Trying to hit CDNOW today will shoot you straight into Amazon's eswamp. In the past days of Napster, roughly the late nineties, CDNOW was an invaluable resource that stood on its own as an early online record shop, yet it also featured bits of criticism and commentary on the music. As I recall it was a pretty awesome site. It had the breadth of allmusic as it exists today, just about the same simplicity in its interface, and great recommendations that worked well for me at least at that point in my life. I linked the few techno records I had to the critics' label of Big Beat automatically, just saying, ok, sure, perhaps that's what popular electronica in the nineties is called. But what else was out there? I looked into some related artists, and before I knew it I, like many of you surely have also done, stumbled upon what might be #1 on the list of worst-named genres...

Intelligent Dance Music. IDM. Uh oh, OOO, smart dude, nerd guy, do you listen to difficult, abstracted music that you could never dance to if you tried because you... can't dance? Thus you punish all us slick meathead dudes with moves by playing your breakbeat drilling sounds changing meter every five seconds? Music we obviously cannot take as we are not "Intelligent" ourselves but mere fratboys still jamming Everlast's "What It's Like"?
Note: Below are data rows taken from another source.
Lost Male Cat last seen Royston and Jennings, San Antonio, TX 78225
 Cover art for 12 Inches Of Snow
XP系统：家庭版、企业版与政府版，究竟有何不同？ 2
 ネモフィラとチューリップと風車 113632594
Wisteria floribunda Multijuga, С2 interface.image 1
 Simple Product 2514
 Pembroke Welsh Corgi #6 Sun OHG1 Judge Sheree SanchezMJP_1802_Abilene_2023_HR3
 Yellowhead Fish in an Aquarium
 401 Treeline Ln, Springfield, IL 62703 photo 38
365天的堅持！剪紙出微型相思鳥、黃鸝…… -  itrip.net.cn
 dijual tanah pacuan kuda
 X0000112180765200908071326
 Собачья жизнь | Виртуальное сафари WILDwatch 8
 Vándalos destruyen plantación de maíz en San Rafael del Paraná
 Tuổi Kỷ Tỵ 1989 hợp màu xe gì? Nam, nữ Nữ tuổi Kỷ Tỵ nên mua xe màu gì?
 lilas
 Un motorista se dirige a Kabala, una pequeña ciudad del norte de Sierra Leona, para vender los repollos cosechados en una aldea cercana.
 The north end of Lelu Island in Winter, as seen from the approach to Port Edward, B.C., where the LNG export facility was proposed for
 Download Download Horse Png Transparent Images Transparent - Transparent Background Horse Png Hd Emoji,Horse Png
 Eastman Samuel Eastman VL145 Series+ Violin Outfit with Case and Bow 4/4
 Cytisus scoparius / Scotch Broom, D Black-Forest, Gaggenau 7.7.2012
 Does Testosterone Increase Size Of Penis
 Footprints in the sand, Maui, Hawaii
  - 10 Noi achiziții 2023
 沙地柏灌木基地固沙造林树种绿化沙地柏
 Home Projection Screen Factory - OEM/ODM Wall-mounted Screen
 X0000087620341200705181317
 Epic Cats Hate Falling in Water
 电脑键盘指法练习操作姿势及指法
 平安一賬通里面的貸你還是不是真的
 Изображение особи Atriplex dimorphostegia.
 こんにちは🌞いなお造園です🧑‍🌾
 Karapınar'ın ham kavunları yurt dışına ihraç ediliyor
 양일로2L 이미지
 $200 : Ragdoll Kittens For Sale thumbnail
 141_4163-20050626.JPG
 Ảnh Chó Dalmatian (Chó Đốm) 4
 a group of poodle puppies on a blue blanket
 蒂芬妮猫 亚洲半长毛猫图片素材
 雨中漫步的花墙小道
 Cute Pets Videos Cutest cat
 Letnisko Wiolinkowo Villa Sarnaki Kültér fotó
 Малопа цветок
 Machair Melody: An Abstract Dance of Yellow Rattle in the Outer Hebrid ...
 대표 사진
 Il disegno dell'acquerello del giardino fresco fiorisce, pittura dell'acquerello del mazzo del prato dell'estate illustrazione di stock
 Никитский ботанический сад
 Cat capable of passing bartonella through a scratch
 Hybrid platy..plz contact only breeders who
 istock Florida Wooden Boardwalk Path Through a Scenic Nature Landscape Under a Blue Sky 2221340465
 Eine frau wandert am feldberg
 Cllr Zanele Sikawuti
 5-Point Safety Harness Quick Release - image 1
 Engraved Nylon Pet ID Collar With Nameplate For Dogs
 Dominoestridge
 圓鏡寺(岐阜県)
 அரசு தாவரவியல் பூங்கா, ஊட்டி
...Hopefully someone will laugh at that. See how nasty that genre name is? It's basically the same thing as the insertion of post- in front of a genre, where a critic describes an artist who is using the same instruments, sounds, and techniques of their colleagues but mutating the result/output that those elements made previously. Post dance must not have been attractive at the time. Nomenclature concerns aside, IDM was a really positive discovery for me. This music didn't seem concerned with a strictly party or dance situation at all, but rather it rewarded close, personal listening like I was used to doing. It was almost like I had finally found some electronica I wouldn't feel silly listening to on my own.

My first IDM love was Mr. Richard D James, otherwise known as Aphex Twin. My Audiogalaxy (RIP) profile listed him as one of my favorite artists, and I'm sure I really thought so back then when the listening was fresh. Dude's still a god to a lot of people to this day. I still have a few albums of his on various formats, my favorite being the wonderful "Windowlicker" 12". It's an unforgettable album cover, and the song is pretty wicked too. Back then though, I just loved that he made tunes that seemed to be so... Advanced sounding, I guess. Like he was channeling high-speed chaos in ways that no one before him ever attempted or conceived, save some early jungle stuff (which I hadn't heard or processed at the time). This is, of course, excluding his Selected Ambient Works series... which are much less schizo but still very cerebral slices of electronica.. SAW2, the "weirder one," has been a slow-burning favorite of mine. Some differences about him that stood out first: his face was on his records and videos, reestablishing a humanity to his musical persona that other techno acts did not do/have; his arrangements were like serpentine puzzles to be untangled; his sound palette seemed so vast and mutable it suggested infinity. All this contributed to a long-lasting feeling of surprise as I listened in and found other similar artists.. This is probably the golden age of Warp Records era techno. Aphex's symbol and visage might be the most recognizable sign from the IDM camp, but he's by no means the best there was to hear. I'd give that honor to Autechre on "Tri Repetae +++."

For all the maximalism Aphex Twin's freaky beat workouts suggested at times, I thought that IDM style actually brought a much needed element to the electronica table: subtlety. Trance's hypnotic samelike-ness, and so-called HI NRG dance tracks on the radio were stoopid (think C&C Music Factory, Groove Is in The Heart, etc). IDM was adventurous and daring in comparison. New rhythms abounded. Crazy textures flew into the mix out of nowhere. Other brain-y techno trends emerged from IDM's sound palette like glitch and microtechno (minimalism in dance...). It was only a matter of time before trance's reign over the techno popularity club would erode, giving way to something a little less blunt, and hopefully more smart.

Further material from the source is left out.